<<<<

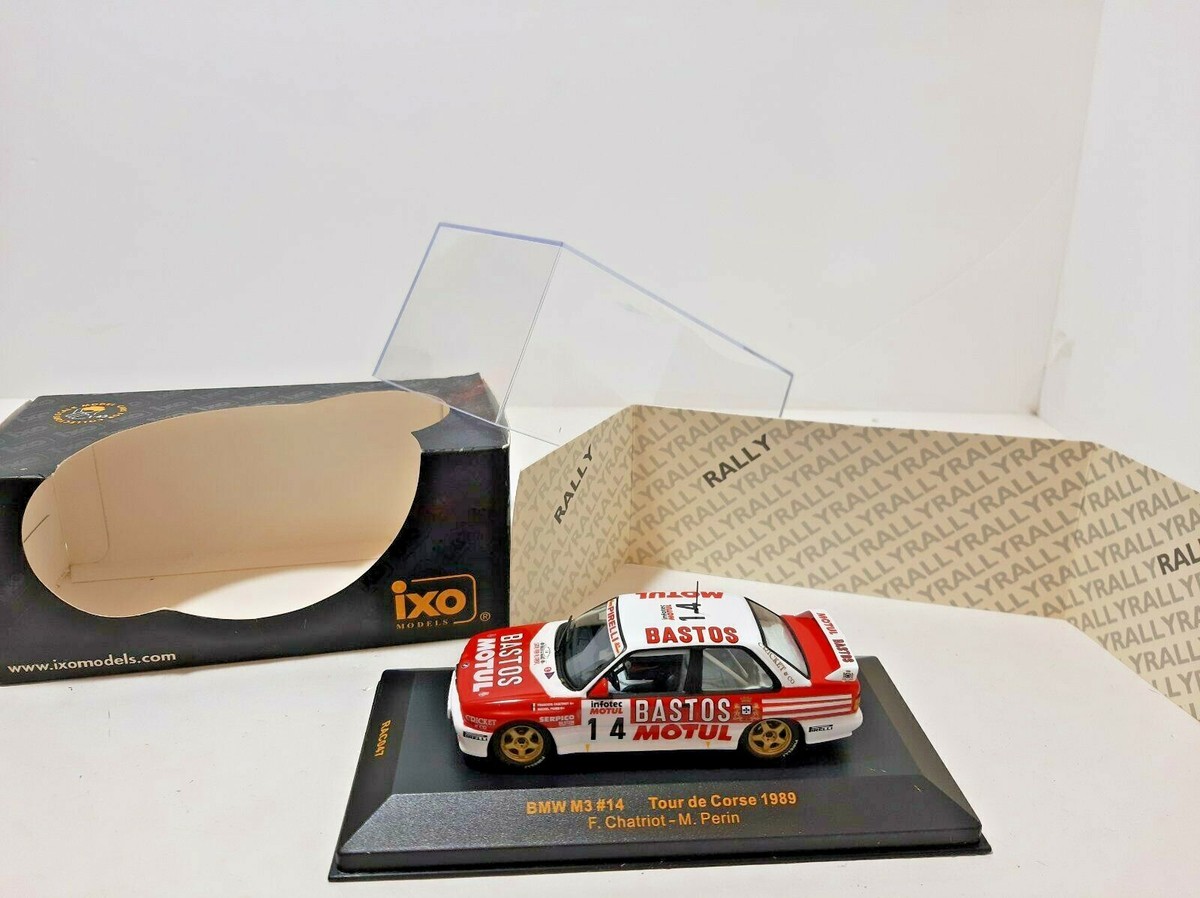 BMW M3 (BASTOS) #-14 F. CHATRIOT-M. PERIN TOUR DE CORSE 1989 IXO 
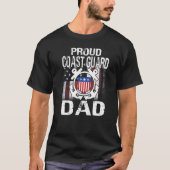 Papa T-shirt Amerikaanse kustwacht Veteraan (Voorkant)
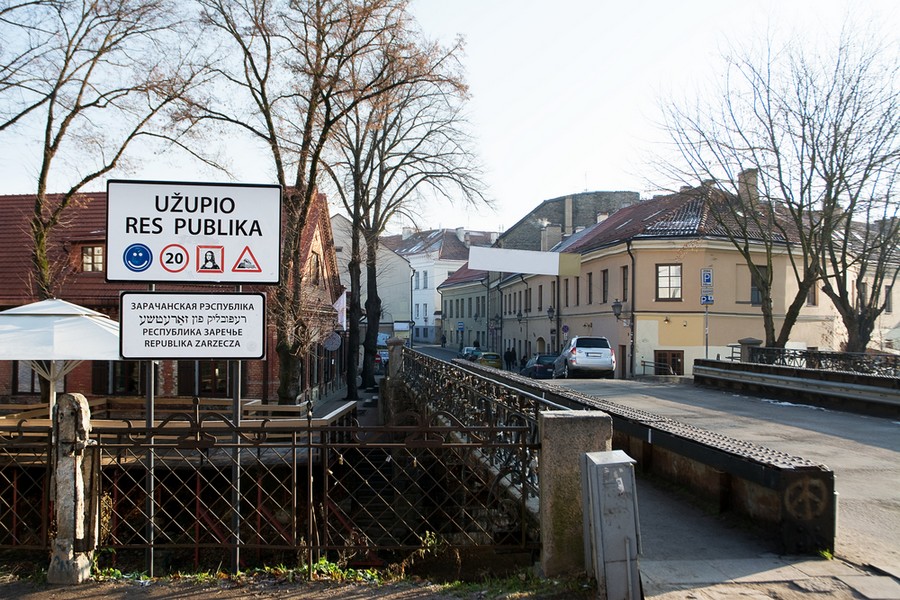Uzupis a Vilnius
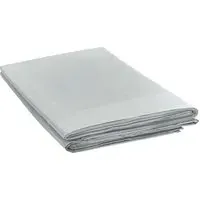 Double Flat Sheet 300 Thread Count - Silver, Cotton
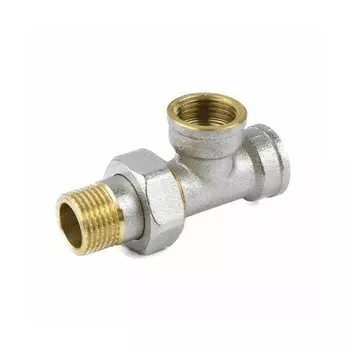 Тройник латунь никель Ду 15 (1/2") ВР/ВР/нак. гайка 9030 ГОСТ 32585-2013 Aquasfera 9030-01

>>>>
<<<<

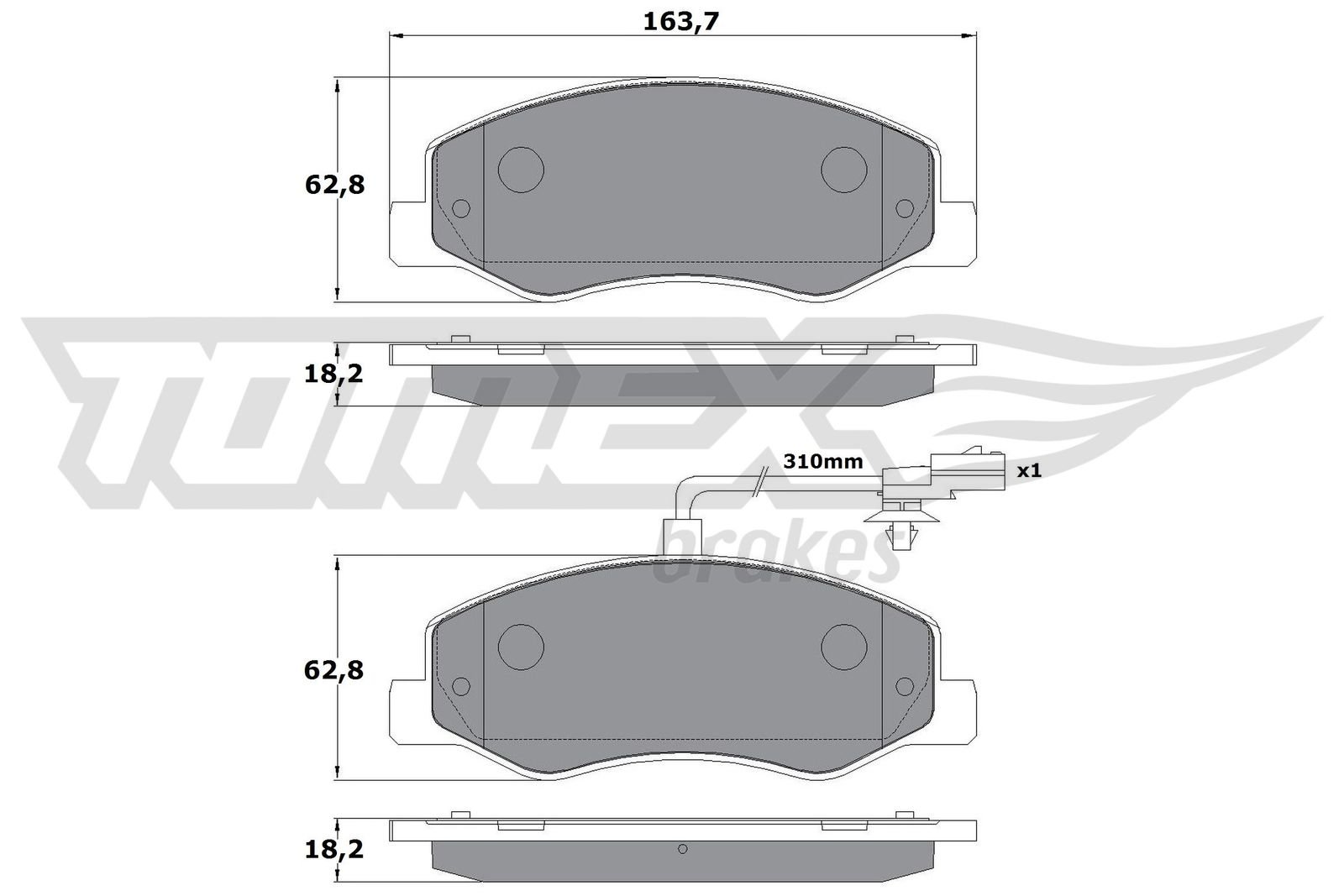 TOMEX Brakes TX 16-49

>>>>

#### [YOUR TASK]
All that is wanted is the lines above between the one containing "Papa T-shirt Amerikaanse" and the one containing "Тройник латунь никель", inclusive, restated word for word, with pictures omitted.

#### [EXERCISE SOLUTION]
 Papa T-shirt Amerikaanse kustwacht Veteraan (Voorkant)
Uzupis a Vilnius
 Double Flat Sheet 300 Thread Count - Silver, Cotton
 Тройник латунь никель Ду 15 (1/2") ВР/ВР/нак. гайка 9030 ГОСТ 32585-2013 Aquasfera 9030-01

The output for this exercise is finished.